Markets

Will compulsory delivery impact F&O trading?

KS Badri Narayanan Chennai | Updated on June 29, 2018 Published on June 29, 2018

Beware: Liquidity risk by way of significant margin and capital costs could hurt you

Be prepared to have enough money in your account if you want to trade in the 46 F&O stocks that have been moved to the compulsory delivery category by the NSE starting July. This follows the SEBI diktat in March to align the cash and derivative segments of the market, through physical settlement for all stock derivatives in a phased and calibrated manner. To start with, the NSE has initiated compulsory delivery in 46 stocks.

Among the stocks now requiring compulsory delivery are Adani Power, BEML, Berger Paints, CanFin Homes, CG Power, CPCL, DCB Bank, Godrej Industries, Granules India, HCC, IDBI Bank, IFCI, JP Associates, Just Dial, Kaveri Seed, MRPL, NHPC, Oil India, Reliance Communications, Reliance Naval, Reliance Power, Repco Home Finance, SREI Infrastructure Finance, United Breweries and Wockhardt.

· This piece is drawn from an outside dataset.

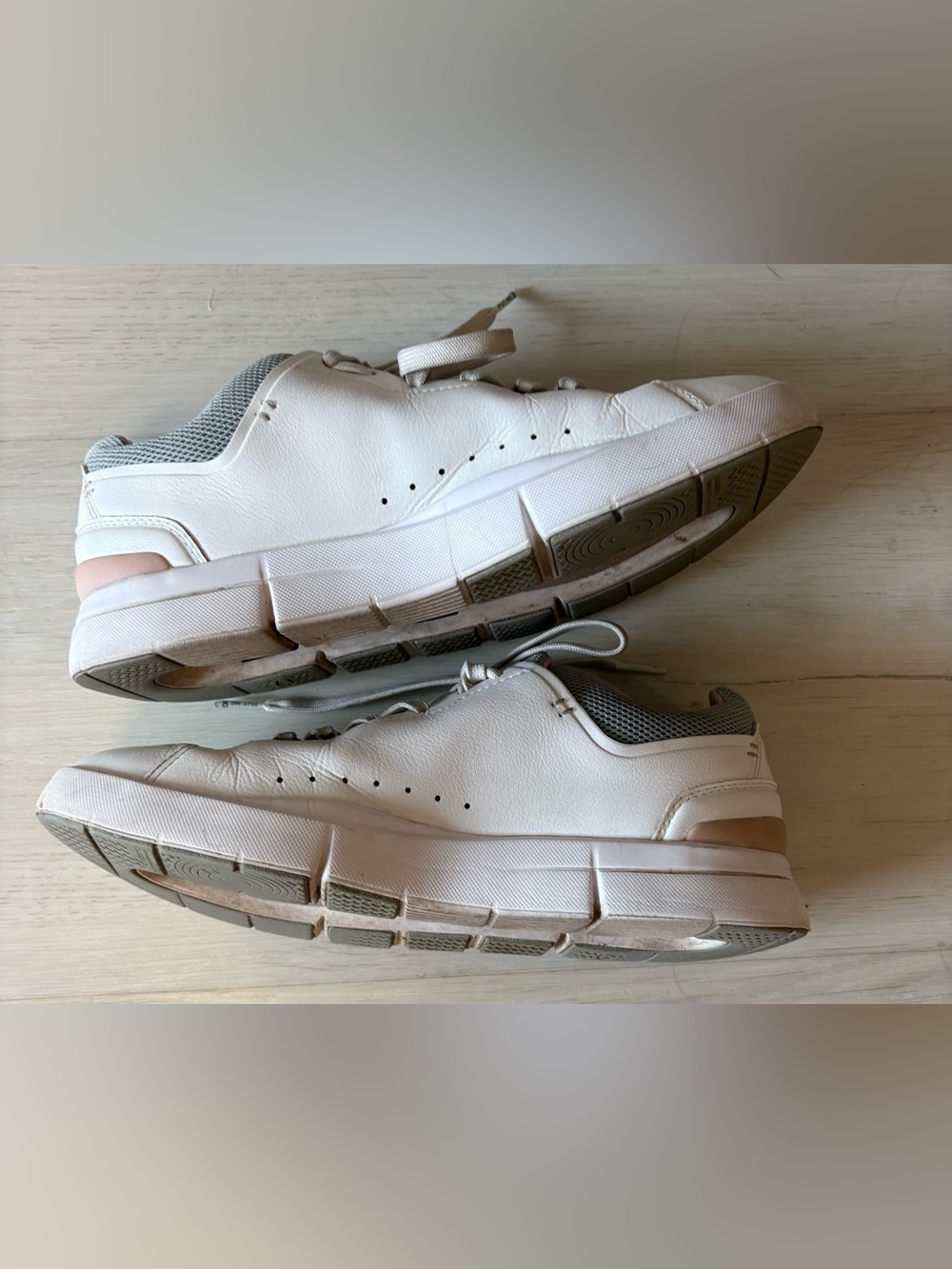 On Running Women’s Low-Top Sneakers in Off-White - Picture 2 of 8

While the move is a watershed one, many feel that the initial impact on the ground may be limited as most traders are squaring off their positions ahead of the settlement date, fearing the incidence of higher securities transaction tax. Currently, if traders exercised their rights, or allowed it to lapse, they have to face STT on the transaction. Fearing this, most traders have squared off their positions.

Delivery mechanism

The NSE is yet to announce the actual mechanism for compulsory delivery. However, if one goes by the rule book of commodity exchanges, which have such compulsory delivery system in place on some contracts, futures positions on gold and silver are allowed to be squared off up to five days before the expiry date. Unclosed positions or fresh positions initiated during the last five trading dates have to be compulsory settled through delivery.

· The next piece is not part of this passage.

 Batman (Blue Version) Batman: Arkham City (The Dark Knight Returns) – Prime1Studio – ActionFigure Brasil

The current experience in the MCX on such contracts suggests that most traders prefer cash-settled contracts, as they square off their current month positions much ahead of the last five days and enter into fresh positions in the ensuing month.

How it will work....

If you don’t square off your positions in the identified stocks before the close of trading hours on the July expiry day, you will either have to take delivery (for long futures, long calls, short puts) or give delivery of the underlying stock (short futures, long puts, short calls) for the contract. Assuming you are long on Adani Power futures, the market lot is 20,000 shares. As the stock is quoting at ₹16.15 currently, you need to have ₹3.23 lakh in your account on expiry day (July 26) to take delivery.

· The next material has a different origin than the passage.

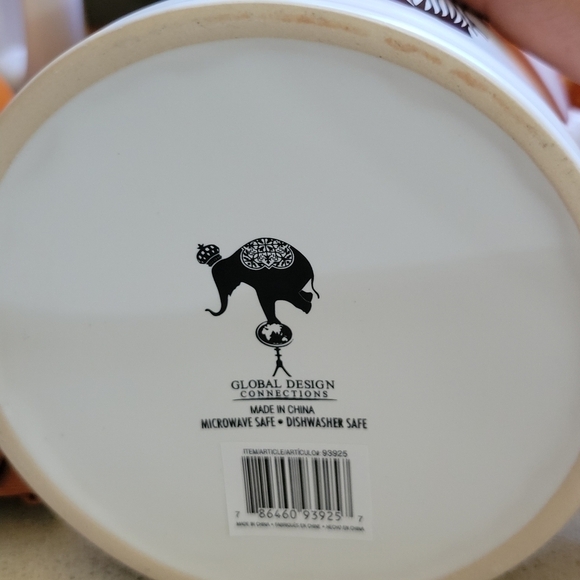 🦋Halloween Gnome MUG "I'm here for the Boos " - Picture 4 of 5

Similarly, the Adani Power 15 call is quoting at a premium of ₹1.85. Though it will cost you just ₹37,000 to buy the option, you will need to shell out ₹3.23 lakh to take delivery of those shares when you are exercising the option. If the premium rises at the time of expiry your burden will be less to that extent.

For a (Put option) of 15 strike, which is quoting at a premium of ₹0.75, you need to have ₹3.23 lakh.

For short futures, long puts and short calls, you need to own 20,000 shares in your account as you are liable to give delivery of shares to the counter-party when he/she exercises his/her right.

Margin burden

With futures and short options, you already have to set aside a 20-30 per cent margin of the overall contract value to take a position. The market regulator had further increased the initial margins for F&O positions from July 2 to reduce the risks to the system and to protect gullible retail investors. Following this, the upfront margin requirements could rise even further, by at least 30-50 per cent.

Those who opt for compulsory delivery have to settle it by July 30.

While traders may tide over the immediate impact of compulsory delivery by squaring off positions early, it needs to be seen if the move will shrink trading volumes in the contracts over time. Stocks could also move into a discount with respect to the spot prices, when they are nearing expiry. So, traders should be wary of new liquidity risks. Else, they could suffer significant margin and capital costs (in auctio of shares) on their derivative trades.